MPG reiterates its position that Apple is near it peak due to these and many other failures, and will begin a rapid decline at some juncture, no more than 10 years out.

Martin D writes:

For the fourth or fifth time in the last couple years, my 2016 MacBook Pro (Retina, the previous design, not the current one) has utterly locked up.

It has been sitting here for hours as I slowly run the battery down. A couple of the previous lockup, it has “snapped out of it” after a while, but this is the third time that (so far) it never did.

There is simply no way to power it off. Holding the power button down does nothing. Closing the lid does nothing. Obviously, you can’t just pop the battery out since there’s no removable battery.

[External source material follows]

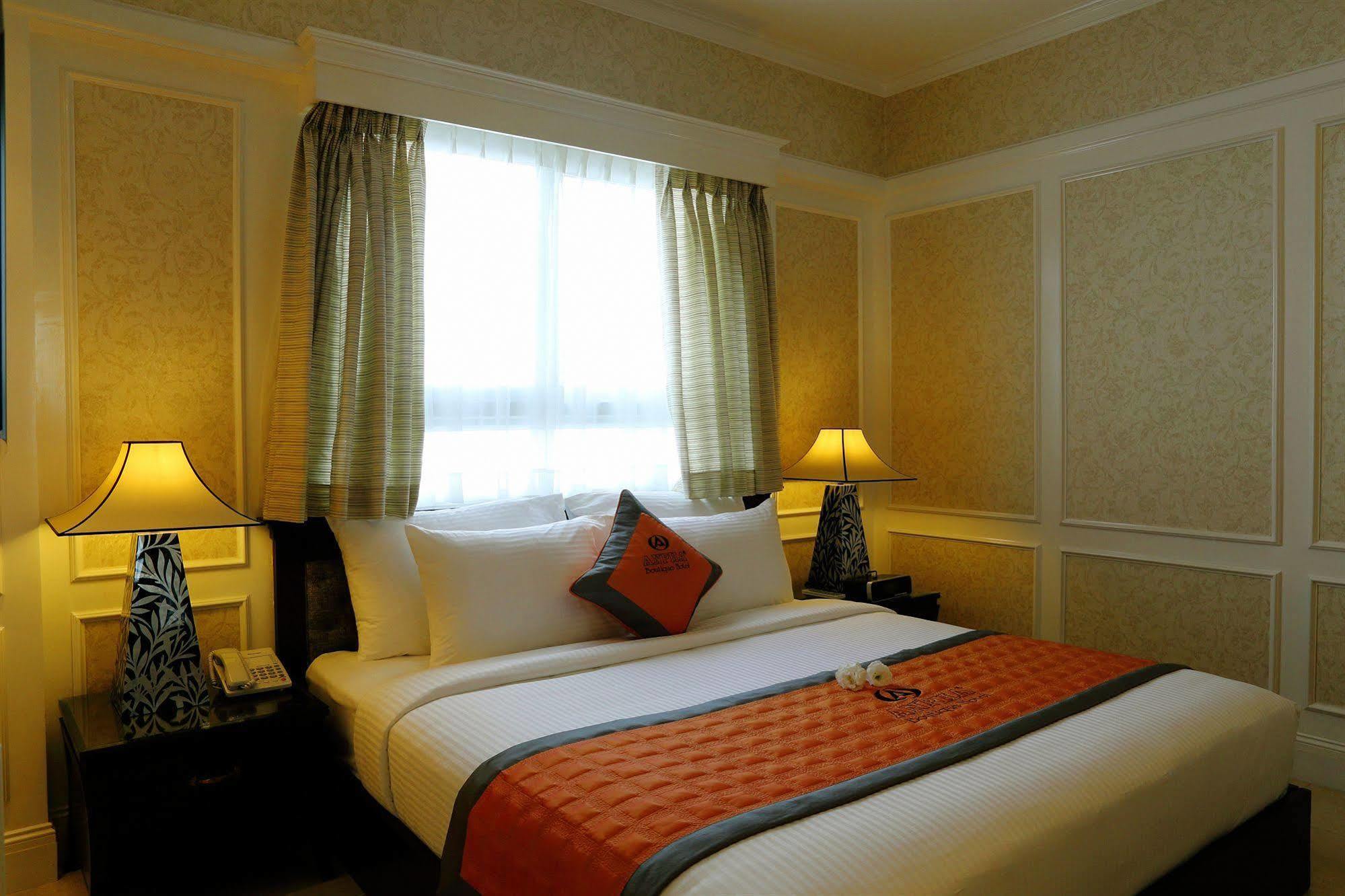 Anpha Boutique Hotel Cidade de Ho Chi Minh Exterior foto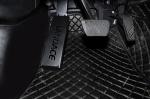 JEEP Car Fitment Direct Left Side Rest Foot Rest Pedal for Wrangler JL JK 2012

I am losing many hours of productivity. All because of no actual power switch. This sucks.

[4 hours later]... Damn thing is STILL GOING since 11:29am. I’ve even got a USB hard drive (not SSD) hanging off it. 😫

MPG: hardware core rot? With no real on/off key, Martin’s 2015 MacBook Pro and newer models (and others) have no recourse when they haywire.

Arne K writes:

Your own comment on Apple „enough is enough” is so very true. Sad and true. Reminds me on what you’ve posted about Craig Federigi telling the world “that Apple software quality has improved over the last years”, hahaha!!!

It’s more an more like “Bushism”, those sentences… (“they overunderestimate me” or “misunderestimate me”) https://www.youtube.com/watch?v=uO46ii3W07U

omething else: Did even ONE PC mag ask you if your statement could be re-printed by them? I guess, no.

MPG: no PC or Mac Magazine has ever asked me about reprinting anything on this site.

Aedrian S writes:

Thank you for the Apple Core Rot compilation. I’m glad I’ve found a poweruser who says what I’ve been saying since Lion, which is where I became very irritated with Apple. Sitting on the desk I spend much of the day at is a Power Mac G5, a machine that I use almost daily. I have newer Macs, but getting around the problems of the operating systems I’m forced to use make the old machine the choice; even major work--heavy audio work and photograph editing—is carried out with actual joy instead of a string of profanity as I try to navigate the byzantine mess that is High Sierra. I’ve been a regular Apple user since the // era, and have introduced and provided support for Macintosh to many people. I sometimes want to apologise to those I’d converted to Macintosh, and it becomes tiresome to continue using the phrase, “It wasn’t like this when…”

Ah, I can continue onto a litany of complaints, but I’m sure you already know what I want to say. Thank you, though, for the MPG site as a whole. I’ve already send a link to Core Rot to a fellow Mac user and security expert. We really must get Apple to stand at attention.

MPG: the best way to get a company’s attention is via money—declining sales. But Apple Mac sales seem to be booming.